Democrats have repeatedly fought — and failed — to loosen the law by clarifying vague language, abolishing jail time for doctors who perform illegal abortions and adding exceptions.

“It's disgusting to me that we have a society where we can't make exceptions in a situation where a young girl's innocence has been taken away in the most vile way... and now she's impregnated and somebody, somewhere, wants to force a nine, 10, 11, 12, 13-year-old child to have a baby for the monster that took away her innocence?” Knox said.

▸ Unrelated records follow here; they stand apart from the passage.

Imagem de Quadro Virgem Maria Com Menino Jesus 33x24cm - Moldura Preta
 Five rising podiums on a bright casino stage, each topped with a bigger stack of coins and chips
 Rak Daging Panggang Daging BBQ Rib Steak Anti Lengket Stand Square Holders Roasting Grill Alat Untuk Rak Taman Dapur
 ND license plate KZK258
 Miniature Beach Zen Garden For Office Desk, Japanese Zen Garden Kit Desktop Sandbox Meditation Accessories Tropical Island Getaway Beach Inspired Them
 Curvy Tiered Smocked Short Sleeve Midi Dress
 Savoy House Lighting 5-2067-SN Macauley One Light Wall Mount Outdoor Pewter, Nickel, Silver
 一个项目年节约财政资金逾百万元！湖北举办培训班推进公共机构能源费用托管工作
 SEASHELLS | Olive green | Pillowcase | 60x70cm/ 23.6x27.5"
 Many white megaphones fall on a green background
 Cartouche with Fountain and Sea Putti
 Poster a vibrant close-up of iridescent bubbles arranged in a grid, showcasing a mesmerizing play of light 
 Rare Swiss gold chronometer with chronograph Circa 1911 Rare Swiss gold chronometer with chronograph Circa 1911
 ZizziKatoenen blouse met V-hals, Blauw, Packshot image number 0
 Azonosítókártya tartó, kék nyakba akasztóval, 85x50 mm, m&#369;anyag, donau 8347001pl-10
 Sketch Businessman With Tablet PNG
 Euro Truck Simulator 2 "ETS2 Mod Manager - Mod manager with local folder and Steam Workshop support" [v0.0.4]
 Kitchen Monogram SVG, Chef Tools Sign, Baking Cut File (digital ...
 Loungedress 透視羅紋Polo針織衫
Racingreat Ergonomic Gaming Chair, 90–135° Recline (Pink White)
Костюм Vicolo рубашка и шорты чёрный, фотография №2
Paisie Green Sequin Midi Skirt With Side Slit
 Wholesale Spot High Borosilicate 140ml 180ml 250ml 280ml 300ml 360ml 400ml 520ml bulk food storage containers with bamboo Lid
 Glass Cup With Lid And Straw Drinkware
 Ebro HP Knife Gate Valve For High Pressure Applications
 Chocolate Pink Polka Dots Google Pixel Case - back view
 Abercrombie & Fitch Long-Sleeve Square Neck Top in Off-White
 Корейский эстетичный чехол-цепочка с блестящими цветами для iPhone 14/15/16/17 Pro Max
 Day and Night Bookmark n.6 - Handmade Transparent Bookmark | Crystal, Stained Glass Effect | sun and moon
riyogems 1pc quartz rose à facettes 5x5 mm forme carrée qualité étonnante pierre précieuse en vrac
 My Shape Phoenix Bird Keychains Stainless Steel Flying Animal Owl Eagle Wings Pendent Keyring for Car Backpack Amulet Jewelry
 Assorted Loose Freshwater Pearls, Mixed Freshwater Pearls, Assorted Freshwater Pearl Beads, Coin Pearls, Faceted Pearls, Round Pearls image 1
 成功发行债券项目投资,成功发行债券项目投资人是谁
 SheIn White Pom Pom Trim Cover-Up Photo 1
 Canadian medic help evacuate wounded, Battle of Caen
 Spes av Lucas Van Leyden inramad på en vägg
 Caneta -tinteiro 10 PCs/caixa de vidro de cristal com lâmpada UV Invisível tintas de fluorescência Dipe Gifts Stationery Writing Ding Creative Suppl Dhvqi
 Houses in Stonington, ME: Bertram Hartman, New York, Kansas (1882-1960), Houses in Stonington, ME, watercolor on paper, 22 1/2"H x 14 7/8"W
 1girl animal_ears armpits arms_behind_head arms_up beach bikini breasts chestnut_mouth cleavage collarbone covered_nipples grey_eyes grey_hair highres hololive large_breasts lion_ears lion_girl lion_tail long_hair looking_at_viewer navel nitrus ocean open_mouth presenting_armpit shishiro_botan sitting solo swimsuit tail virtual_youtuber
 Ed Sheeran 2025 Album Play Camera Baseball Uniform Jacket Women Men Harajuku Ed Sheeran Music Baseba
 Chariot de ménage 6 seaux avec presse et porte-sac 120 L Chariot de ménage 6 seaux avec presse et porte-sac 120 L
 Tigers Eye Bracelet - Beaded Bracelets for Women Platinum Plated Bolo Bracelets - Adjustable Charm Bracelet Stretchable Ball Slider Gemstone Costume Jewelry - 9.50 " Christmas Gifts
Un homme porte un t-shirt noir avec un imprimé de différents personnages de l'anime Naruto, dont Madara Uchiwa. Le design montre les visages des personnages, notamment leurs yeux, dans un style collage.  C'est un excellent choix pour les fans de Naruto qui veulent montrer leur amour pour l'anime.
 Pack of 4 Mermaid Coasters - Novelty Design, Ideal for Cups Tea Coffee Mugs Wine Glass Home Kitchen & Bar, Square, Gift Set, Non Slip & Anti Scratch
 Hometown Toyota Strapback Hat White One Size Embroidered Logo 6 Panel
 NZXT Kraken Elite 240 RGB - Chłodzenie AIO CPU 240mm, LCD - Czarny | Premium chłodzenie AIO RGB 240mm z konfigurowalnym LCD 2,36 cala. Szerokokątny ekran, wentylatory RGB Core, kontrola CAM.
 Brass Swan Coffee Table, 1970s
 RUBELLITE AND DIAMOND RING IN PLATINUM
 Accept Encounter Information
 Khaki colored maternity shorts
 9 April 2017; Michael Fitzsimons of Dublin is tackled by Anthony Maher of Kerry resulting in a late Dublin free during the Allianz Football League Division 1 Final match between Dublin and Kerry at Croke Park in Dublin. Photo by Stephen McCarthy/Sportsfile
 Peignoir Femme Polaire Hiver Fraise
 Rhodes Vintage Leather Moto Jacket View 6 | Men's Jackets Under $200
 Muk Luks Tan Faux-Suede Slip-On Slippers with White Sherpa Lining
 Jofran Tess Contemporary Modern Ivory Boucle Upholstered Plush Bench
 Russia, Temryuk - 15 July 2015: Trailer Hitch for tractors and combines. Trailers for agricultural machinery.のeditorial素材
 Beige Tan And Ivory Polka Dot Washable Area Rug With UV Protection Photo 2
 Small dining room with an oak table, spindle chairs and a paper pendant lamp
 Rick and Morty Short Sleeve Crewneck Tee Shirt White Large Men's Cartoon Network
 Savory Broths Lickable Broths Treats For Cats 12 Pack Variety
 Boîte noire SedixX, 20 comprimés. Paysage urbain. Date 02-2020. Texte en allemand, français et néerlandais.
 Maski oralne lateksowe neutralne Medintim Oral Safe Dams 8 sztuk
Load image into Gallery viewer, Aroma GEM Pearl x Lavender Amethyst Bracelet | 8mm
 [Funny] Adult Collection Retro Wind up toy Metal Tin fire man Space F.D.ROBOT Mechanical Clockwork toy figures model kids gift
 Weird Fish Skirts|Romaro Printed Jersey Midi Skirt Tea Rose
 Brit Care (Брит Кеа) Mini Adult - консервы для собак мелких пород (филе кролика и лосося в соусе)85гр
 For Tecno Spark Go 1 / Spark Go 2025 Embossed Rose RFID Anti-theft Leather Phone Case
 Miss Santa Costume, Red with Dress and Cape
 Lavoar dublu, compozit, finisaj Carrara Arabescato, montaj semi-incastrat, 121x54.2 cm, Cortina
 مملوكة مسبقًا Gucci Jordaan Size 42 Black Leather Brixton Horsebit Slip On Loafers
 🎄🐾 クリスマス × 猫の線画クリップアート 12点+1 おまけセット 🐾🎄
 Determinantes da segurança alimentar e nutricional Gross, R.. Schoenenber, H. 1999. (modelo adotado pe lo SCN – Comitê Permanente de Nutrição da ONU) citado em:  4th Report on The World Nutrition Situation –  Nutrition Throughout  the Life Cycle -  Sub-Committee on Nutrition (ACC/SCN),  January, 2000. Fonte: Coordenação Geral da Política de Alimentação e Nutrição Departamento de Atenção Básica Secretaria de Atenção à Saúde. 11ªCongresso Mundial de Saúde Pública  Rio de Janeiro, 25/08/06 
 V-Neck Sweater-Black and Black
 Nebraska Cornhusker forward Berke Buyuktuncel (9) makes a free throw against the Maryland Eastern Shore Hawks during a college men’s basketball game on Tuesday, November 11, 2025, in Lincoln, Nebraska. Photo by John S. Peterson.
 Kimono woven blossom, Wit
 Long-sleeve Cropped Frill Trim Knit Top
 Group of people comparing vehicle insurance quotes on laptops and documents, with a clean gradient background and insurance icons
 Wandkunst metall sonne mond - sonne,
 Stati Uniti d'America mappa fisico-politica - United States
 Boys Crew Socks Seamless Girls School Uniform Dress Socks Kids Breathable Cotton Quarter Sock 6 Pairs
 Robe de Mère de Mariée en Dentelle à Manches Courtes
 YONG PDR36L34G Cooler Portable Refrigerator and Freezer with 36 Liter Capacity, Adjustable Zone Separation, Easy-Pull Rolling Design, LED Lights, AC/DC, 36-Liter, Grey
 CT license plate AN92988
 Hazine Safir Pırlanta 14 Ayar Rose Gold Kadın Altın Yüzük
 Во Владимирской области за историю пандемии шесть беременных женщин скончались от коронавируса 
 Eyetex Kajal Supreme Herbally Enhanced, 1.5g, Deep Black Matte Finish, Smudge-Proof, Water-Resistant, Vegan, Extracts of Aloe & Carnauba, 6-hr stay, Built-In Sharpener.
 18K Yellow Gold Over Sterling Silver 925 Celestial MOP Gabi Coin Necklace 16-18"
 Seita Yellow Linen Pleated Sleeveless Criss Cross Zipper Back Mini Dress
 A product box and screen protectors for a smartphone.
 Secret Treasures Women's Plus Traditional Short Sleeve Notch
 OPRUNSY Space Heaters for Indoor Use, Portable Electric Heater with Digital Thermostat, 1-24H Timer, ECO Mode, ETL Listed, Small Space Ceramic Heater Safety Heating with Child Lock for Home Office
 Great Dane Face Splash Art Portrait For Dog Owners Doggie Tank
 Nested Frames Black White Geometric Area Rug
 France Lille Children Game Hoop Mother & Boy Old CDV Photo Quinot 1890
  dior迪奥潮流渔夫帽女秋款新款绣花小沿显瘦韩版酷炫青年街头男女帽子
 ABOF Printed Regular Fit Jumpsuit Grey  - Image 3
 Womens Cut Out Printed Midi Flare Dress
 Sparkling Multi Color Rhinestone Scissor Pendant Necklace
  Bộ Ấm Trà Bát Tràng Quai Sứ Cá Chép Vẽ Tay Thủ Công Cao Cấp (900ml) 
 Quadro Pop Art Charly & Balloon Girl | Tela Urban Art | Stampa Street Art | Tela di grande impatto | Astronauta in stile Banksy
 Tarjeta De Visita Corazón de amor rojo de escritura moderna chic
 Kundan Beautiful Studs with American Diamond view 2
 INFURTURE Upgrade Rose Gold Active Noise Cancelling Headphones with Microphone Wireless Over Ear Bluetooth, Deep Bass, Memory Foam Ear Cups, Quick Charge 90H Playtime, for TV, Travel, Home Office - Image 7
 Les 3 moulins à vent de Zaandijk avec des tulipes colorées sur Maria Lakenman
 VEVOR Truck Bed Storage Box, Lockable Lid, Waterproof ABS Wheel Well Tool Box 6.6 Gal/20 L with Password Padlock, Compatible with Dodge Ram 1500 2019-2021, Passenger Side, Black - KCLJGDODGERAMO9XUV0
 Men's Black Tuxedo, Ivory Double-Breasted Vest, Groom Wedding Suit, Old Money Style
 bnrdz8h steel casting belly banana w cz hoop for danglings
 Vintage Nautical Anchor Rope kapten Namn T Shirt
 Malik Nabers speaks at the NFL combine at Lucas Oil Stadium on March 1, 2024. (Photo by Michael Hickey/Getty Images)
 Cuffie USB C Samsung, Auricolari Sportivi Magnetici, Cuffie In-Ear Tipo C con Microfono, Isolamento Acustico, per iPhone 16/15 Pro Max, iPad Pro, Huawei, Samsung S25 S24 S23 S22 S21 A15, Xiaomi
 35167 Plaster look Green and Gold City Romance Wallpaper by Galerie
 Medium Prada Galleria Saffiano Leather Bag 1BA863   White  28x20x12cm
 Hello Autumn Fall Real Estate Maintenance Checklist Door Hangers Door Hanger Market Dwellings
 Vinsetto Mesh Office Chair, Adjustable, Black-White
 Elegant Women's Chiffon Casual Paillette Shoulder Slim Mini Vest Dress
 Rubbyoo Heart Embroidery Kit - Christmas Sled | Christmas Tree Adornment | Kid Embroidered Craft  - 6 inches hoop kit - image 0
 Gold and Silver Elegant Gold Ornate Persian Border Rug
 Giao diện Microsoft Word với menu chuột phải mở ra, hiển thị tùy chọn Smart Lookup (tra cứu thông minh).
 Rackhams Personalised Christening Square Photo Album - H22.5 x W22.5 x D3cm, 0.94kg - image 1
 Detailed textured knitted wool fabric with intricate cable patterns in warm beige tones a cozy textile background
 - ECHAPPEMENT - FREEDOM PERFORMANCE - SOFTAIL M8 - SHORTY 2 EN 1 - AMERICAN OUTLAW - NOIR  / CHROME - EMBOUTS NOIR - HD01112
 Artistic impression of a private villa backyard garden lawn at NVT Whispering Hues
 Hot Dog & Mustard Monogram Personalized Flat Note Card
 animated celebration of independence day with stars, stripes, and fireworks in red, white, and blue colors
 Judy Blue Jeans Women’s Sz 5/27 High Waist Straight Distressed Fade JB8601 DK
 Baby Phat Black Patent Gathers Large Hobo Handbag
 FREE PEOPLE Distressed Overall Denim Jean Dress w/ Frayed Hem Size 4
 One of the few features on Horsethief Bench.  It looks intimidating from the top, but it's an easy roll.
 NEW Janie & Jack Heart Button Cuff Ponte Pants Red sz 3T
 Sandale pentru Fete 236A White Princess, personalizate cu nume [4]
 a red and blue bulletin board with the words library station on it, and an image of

The bill attracted dozens of people to testify, including rape survivors who shared their own stories and doctors who argued that their hands are tied by the current law.

OB-GYN Dr. Neelima Sukhavasi told lawmakers that since the abortion ban has gone into effect, she and other colleagues have delivered babies who are birthed by teenagers who have been raped.

“One of these teenagers delivered a baby while clutching a Teddy Bear — and that's an image that once you see that, you can't unsee it,” Sukhavasi said.

In 2021, there were 7,444 reported abortions in Louisiana, according to the U.S. Centers for Disease Control and Prevention. Of those, 27 were obtained by people younger than 15. Nationwide, 1,338 pregnant patients under 15 received abortions, according to the CDC.

A study released by the Journal of the American Medical Association found that between July 2022 and January 2024, there were more than 64,000 pregnancies resulting from rape in states where abortion has been banned in all or most cases.